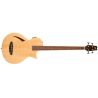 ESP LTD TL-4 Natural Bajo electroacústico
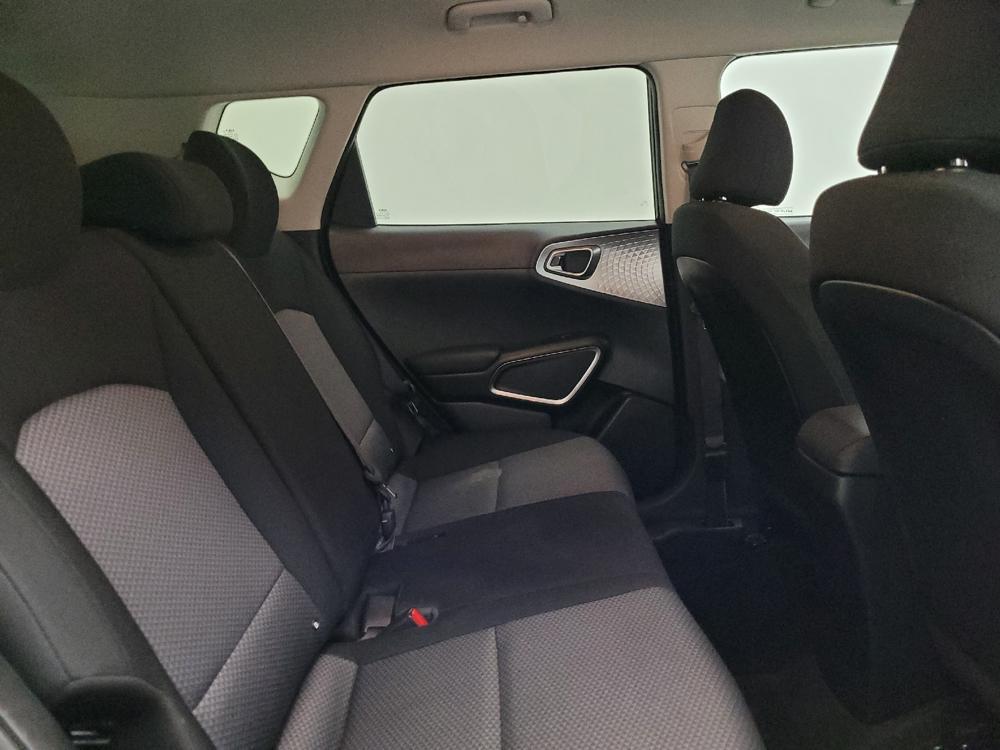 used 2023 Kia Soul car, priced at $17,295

• • • • •

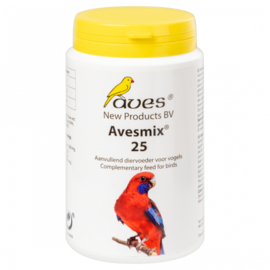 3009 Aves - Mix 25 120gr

• • • • •

▶ [WORK ITEM] Because only one stretch of the records is wanted, please output the lines from the one holding "ESP LTD TL-4 Natural Bajo electroacústico" through the one holding "used 2023 Kia Soul car, priced at $17,295" exactly, both included, and leave every picture out.

▶ [WRITTEN RESPONSE]
 ESP LTD TL-4 Natural Bajo electroacústico
 used 2023 Kia Soul car, priced at $17,295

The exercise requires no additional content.